What are the challenges associated with Cloud Computing?
Cloud computing can present several challenges, including:
- Security: Storing data and running applications in the cloud can raise security concerns, such as the risk of data breaches or unauthorized access. Cloud providers may also have different security protocols, so it is important to ensure that they align with your organization’s security standards.
- Compliance: Some industries have specific compliance requirements, such as healthcare or financial services, and cloud providers may not be able to meet those requirements or may not have the necessary certifications.
- Vendor lock-in: Once an organization’s data and applications are stored with a particular cloud provider, it can be difficult and expensive to move them to a different provider.
- Internet dependency: Cloud computing relies on a stable and fast internet connection, if the connection is lost, access to the cloud services and data stored there will be lost too.
- Downtime: Cloud providers may experience downtime for maintenance or other reasons, which can disrupt access to data and applications for users.
- Privacy: In some cases, storing data on a third-party service may raise concerns about the privacy and protection of that data. Organizations should ensure their data is protected and that there is no unauthorized access to it.
- Cost: While cloud computing can be cost-effective in the long run, it can also present unexpected costs (overages for data storage or bandwidth usage, etc.) as well as costs associated with configuring and managing the cloud environment.
Can cloud computing and edge computing work together?
Many organizations can benefit from using both cloud computing and edge computing together, applying the strengths of each technology. Just as cloud computing combines physical bits of hardware to create something greater than the sum of its parts, a broad approach that encompasses a user’s device, edge computing, and a centralized cloud can deliver the best of all worlds. Edge computing can handle real-time data processing and low-latency applications before passing things along to the cloud for superior scalability, flexibility, data storage and long-term analysis.
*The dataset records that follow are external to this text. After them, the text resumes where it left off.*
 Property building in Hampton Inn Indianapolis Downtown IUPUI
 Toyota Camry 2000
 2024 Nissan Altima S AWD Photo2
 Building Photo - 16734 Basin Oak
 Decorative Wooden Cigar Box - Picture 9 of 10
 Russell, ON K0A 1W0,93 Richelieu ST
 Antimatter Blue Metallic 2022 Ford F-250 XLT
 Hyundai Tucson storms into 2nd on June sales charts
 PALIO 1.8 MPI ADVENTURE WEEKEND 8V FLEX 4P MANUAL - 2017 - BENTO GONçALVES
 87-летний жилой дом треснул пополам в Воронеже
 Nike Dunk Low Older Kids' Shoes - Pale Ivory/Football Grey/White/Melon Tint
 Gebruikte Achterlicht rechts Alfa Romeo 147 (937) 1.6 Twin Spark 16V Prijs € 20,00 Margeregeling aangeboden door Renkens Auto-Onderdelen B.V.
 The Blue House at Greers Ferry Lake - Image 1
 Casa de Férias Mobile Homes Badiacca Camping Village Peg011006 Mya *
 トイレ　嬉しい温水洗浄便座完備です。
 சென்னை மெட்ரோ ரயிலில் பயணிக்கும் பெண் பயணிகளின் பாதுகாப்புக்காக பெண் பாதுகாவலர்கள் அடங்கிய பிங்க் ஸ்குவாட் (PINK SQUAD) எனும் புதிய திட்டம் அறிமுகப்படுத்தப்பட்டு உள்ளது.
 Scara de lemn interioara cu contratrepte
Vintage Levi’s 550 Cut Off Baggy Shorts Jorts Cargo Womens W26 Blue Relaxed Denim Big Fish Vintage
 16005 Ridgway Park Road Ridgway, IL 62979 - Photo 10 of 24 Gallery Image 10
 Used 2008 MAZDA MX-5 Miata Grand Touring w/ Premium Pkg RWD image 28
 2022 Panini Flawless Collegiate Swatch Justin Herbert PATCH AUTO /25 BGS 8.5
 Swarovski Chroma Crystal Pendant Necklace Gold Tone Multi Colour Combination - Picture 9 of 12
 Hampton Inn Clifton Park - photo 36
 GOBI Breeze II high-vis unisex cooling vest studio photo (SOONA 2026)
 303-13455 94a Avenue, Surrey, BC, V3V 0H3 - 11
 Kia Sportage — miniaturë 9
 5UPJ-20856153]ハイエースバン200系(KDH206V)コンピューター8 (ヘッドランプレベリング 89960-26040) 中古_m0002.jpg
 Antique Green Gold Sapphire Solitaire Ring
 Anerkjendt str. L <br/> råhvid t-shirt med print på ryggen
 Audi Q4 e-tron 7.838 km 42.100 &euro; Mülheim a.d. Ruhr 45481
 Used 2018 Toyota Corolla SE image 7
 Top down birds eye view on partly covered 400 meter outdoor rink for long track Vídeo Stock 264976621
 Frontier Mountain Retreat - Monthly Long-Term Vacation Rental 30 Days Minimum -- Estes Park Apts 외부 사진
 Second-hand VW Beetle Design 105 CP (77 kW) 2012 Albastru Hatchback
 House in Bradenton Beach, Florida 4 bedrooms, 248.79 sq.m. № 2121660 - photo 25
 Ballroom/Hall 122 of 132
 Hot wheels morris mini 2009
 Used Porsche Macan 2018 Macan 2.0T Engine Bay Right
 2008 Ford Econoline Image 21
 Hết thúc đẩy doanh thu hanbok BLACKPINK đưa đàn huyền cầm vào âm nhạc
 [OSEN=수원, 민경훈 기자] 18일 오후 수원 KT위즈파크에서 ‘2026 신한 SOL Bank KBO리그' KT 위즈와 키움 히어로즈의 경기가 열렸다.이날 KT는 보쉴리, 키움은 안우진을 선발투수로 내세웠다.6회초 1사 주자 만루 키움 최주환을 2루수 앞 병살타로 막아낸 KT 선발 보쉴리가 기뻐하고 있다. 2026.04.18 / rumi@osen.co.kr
In fact, there is already a common architecture (sometimes known as “Fog Computing”) that incorporates both cloud computing and edge computing together (more on this in a future blog post). In this architecture, edge devices collect and process data where it is generated, reducing both size and complexity while retaining only relevant parts for delivery to a nearby regional node. That node acts as a gateway between the edge devices and cloud, further processing the data (i.e. aggregating, filtering, and compressing) before sending it over the internet for storage and long-term analysis.
This type of architecture allows modern applications to take advantage of the low-latency and real-time processing capabilities of edge computing, while also being able to scale and access the massive data storage and analysis capabilities of cloud computing.
A good example of this is industrial automation, where edge computing can be used to analyze sensor data and control machinery in real-time. Cloud computing is then used to store and analyze historical data for purposes of optimizing production. In the case of a smart city, edge computing is used to perform real-time analysis of sensor data, optimizing traffic flow while the cloud stores and analyzes historical data for use in future infrastructure plans.
Whatever your specific applications may be, let your requirements be your guide when outlining the architecture for your business. The odds are good that you’re already using some form of cloud technologies today, but can anything be gained by pairing an edge computing strategy alongside it? Would your business benefit from real-time decision making after your systems interact with the outside world? If the answer is yes then edge computing is likely worth looking into.